Your instructions — In the records below, find each line that holds "from" and return it.

Listed entries —
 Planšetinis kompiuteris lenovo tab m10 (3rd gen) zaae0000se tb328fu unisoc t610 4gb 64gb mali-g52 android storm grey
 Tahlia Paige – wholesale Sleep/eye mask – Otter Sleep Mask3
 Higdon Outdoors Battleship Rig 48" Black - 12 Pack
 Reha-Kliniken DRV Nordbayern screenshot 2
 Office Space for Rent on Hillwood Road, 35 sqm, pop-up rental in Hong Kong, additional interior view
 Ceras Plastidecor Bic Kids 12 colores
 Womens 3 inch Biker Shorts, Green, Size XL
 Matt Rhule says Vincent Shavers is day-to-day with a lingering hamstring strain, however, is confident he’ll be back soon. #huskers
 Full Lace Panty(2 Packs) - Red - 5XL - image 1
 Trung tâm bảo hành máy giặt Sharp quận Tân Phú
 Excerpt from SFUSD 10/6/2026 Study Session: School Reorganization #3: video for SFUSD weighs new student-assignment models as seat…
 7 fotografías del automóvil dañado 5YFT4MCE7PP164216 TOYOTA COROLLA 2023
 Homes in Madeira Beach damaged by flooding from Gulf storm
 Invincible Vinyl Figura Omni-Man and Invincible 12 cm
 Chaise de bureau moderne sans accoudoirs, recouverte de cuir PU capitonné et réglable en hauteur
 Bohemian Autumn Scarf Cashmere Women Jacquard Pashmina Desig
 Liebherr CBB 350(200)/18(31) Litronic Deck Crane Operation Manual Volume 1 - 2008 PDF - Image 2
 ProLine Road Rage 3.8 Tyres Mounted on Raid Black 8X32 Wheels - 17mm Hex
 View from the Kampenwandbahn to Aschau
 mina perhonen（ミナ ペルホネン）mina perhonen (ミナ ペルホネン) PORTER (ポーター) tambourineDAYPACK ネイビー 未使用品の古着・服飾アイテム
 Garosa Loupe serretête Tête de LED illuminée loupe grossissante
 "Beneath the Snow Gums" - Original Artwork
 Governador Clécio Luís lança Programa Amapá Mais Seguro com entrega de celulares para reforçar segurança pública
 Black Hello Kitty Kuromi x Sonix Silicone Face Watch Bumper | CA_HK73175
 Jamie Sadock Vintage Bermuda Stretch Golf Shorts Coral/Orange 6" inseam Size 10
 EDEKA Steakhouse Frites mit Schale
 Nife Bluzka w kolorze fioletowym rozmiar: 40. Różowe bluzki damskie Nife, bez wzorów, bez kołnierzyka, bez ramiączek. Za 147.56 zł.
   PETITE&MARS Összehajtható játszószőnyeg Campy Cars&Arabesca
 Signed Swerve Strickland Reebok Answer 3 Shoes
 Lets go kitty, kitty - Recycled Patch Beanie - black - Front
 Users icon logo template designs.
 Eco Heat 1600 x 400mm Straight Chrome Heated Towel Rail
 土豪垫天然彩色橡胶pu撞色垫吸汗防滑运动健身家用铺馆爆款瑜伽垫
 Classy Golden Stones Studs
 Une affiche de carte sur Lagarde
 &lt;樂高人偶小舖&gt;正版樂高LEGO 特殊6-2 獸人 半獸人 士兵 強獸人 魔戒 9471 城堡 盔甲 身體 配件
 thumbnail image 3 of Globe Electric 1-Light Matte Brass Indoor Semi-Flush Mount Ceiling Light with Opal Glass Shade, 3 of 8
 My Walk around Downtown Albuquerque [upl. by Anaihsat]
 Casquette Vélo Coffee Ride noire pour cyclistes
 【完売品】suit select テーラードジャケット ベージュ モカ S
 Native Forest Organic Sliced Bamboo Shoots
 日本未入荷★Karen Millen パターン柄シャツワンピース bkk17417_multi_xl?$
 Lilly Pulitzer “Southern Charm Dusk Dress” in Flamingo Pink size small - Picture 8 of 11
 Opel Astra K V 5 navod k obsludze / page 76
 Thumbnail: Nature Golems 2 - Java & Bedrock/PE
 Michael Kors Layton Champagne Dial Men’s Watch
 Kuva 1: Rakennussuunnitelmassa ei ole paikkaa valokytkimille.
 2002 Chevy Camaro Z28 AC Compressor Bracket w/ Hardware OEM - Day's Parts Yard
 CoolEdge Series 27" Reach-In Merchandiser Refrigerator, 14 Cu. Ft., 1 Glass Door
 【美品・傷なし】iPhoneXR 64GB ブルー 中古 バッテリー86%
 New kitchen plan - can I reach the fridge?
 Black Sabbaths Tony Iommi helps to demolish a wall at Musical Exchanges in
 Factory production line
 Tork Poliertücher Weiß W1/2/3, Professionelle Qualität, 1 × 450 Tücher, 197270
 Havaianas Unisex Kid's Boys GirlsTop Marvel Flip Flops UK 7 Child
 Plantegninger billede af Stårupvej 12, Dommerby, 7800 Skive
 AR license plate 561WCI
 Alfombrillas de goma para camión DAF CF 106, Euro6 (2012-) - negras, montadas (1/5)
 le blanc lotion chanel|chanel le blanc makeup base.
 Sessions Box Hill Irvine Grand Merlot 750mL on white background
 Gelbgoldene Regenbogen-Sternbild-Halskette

Expected answer —
 Excerpt from SFUSD 10/6/2026 Study Session: School Reorganization #3: video for SFUSD weighs new student-assignment models as seat…
 Homes in Madeira Beach damaged by flooding from Gulf storm
 View from the Kampenwandbahn to Aschau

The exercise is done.